| Your task |
The copy has to match the records word for word and include no pictures.

| Brief descriptive captions |
******

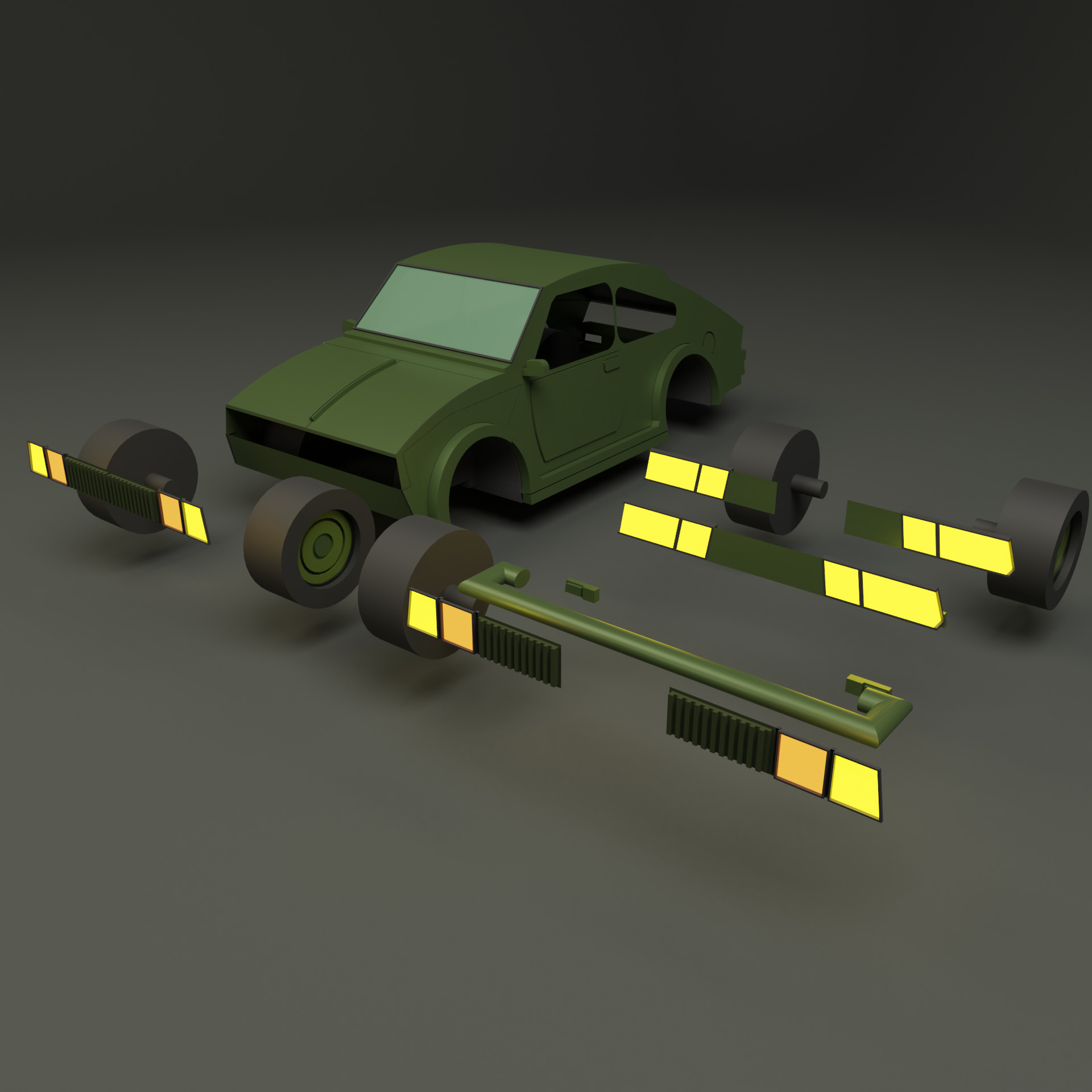 Lowpoly car 7 Low-poly 3D model_2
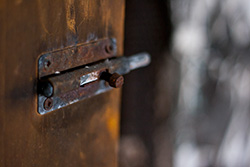 rusty lock close-up, targette, larch plate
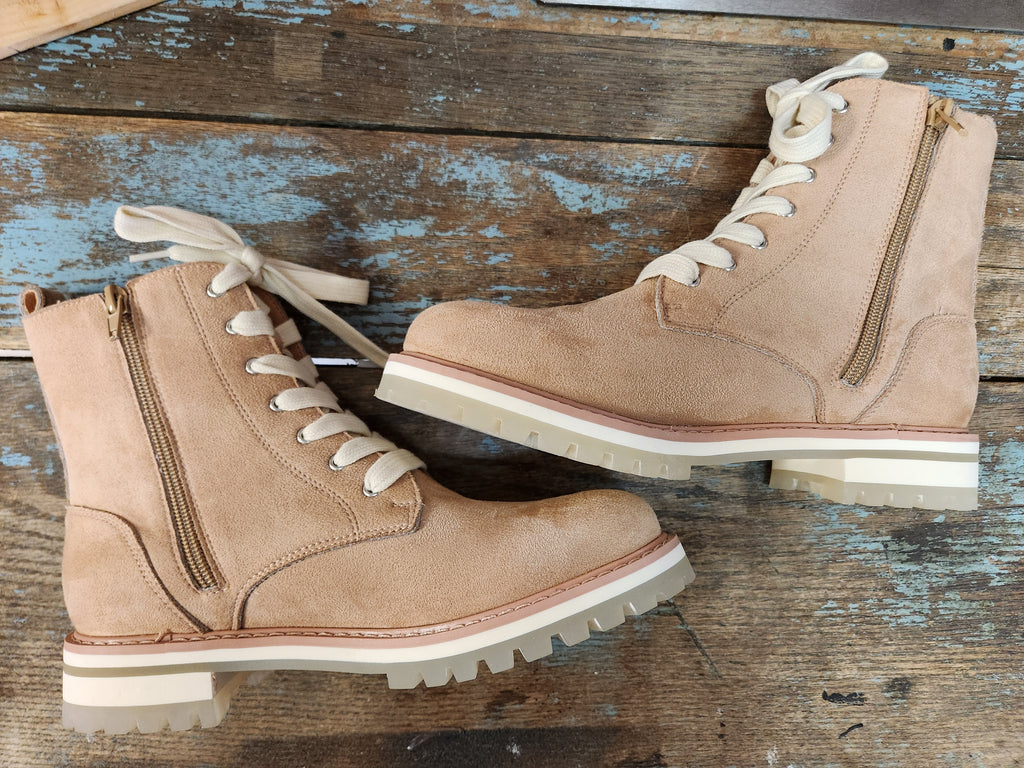 The Tatum Lace Up Combat Boot (Nude)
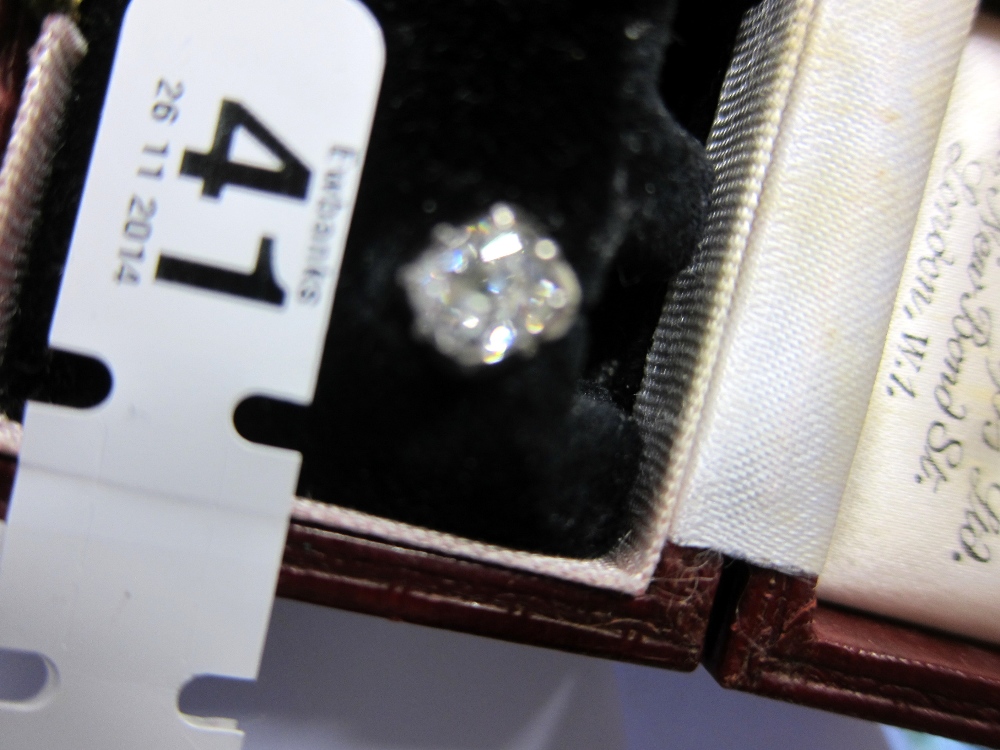 Diamond ear studs total diamond weight 1.4 carats in white gold, earring backs stamped 18ct, S.J - Image 6 of 7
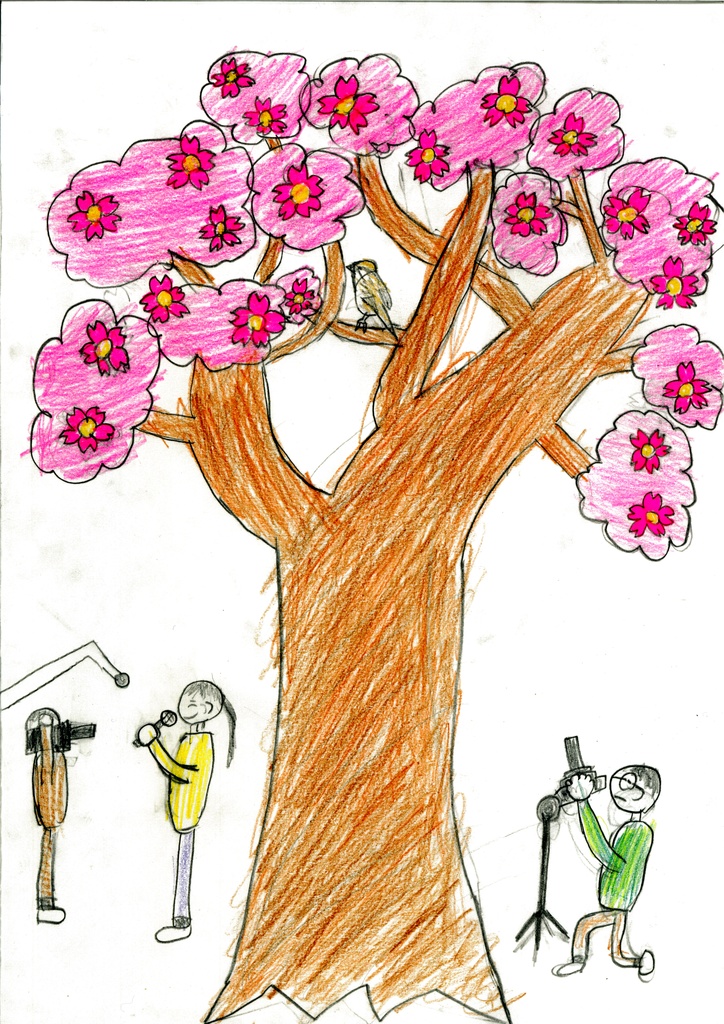 桜咲く　散って積もれば　カーペット　寝転んで見る　空と君の笑顔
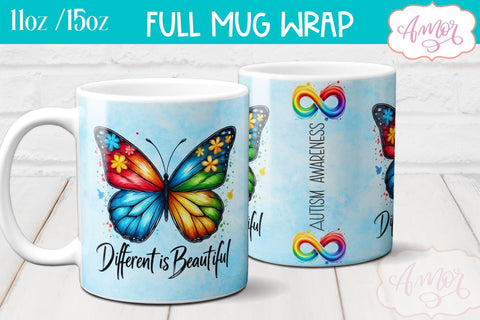 Autism awareness mug wrap | Different is beautiful mug PNG Sublimation Amorclipart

******

| Response to the exercise |
 Lowpoly car 7 Low-poly 3D model_2
 rusty lock close-up, targette, larch plate
 The Tatum Lace Up Combat Boot (Nude)
 Diamond ear studs total diamond weight 1.4 carats in white gold, earring backs stamped 18ct, S.J - Image 6 of 7
 桜咲く　散って積もれば　カーペット　寝転んで見る　空と君の笑顔
 Autism awareness mug wrap | Different is beautiful mug PNG Sublimation Amorclipart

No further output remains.